- **WHAT NEEDS TO BE DONE**: All lines from the opening of the data to the line containing "Chiens à adopter" must be returned unchanged, and only those lines.

DATA UNDER STUDY Block Start

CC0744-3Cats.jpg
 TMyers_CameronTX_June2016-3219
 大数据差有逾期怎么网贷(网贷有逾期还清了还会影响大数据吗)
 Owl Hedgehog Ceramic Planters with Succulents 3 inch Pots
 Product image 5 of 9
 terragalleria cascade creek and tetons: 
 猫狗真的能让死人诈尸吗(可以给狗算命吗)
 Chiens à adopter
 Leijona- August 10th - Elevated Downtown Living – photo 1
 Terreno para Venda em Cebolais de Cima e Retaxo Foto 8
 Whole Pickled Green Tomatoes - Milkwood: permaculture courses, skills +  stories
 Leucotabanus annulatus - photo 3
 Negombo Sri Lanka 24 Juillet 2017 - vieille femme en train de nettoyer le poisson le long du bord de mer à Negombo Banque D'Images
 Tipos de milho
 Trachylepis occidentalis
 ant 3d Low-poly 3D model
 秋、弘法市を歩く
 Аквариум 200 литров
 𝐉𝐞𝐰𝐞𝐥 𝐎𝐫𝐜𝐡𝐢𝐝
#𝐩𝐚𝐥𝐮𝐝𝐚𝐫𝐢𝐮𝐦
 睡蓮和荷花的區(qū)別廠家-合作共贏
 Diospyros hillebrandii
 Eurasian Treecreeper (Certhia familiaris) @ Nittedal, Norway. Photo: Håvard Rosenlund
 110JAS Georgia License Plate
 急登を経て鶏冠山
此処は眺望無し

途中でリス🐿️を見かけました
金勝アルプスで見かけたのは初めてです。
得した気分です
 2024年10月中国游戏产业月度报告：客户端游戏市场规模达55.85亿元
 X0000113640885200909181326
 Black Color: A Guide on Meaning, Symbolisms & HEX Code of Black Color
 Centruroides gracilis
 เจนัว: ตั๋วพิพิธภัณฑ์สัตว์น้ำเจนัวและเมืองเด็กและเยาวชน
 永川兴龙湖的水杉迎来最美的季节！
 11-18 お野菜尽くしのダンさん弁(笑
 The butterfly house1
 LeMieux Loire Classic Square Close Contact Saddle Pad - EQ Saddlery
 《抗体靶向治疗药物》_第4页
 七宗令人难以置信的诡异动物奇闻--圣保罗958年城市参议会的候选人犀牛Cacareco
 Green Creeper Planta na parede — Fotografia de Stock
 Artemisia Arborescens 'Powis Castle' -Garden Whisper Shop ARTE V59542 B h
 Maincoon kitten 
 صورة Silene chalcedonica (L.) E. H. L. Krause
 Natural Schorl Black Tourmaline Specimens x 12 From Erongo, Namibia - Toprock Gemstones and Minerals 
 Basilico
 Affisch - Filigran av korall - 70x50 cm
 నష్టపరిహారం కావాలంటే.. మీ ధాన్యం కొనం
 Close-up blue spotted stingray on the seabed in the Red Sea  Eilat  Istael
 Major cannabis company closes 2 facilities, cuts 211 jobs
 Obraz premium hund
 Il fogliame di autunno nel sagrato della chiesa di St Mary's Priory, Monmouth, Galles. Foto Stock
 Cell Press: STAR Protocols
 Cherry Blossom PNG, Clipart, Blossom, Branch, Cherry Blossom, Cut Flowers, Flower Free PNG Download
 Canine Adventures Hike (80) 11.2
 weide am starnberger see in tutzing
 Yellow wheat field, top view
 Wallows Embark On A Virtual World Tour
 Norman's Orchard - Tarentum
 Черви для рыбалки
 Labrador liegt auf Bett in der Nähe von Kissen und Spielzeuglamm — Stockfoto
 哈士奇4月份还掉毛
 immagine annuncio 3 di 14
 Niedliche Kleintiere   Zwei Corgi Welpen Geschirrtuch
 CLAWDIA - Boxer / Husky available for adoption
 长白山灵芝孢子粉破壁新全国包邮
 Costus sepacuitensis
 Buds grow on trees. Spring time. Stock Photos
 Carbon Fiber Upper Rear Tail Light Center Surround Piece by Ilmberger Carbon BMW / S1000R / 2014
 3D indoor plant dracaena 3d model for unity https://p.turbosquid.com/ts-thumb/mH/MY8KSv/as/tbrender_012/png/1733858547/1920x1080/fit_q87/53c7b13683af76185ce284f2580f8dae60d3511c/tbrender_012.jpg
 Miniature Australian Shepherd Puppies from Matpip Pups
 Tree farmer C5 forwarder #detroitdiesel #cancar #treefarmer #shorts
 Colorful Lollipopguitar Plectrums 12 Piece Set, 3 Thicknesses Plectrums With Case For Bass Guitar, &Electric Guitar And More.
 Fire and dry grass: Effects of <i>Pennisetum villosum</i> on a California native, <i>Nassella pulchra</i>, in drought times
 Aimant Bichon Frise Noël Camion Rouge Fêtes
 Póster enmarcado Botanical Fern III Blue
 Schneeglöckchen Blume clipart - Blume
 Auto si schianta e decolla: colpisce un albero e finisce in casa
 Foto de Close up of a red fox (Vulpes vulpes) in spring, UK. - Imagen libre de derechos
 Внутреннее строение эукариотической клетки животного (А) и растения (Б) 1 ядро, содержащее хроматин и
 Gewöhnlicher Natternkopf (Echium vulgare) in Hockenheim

DATA UNDER STUDY Block End

- **FINAL ANSWER**:
CC0744-3Cats.jpg
 TMyers_CameronTX_June2016-3219
 大数据差有逾期怎么网贷(网贷有逾期还清了还会影响大数据吗)
 Owl Hedgehog Ceramic Planters with Succulents 3 inch Pots
 Product image 5 of 9
 terragalleria cascade creek and tetons: 
 猫狗真的能让死人诈尸吗(可以给狗算命吗)
 Chiens à adopter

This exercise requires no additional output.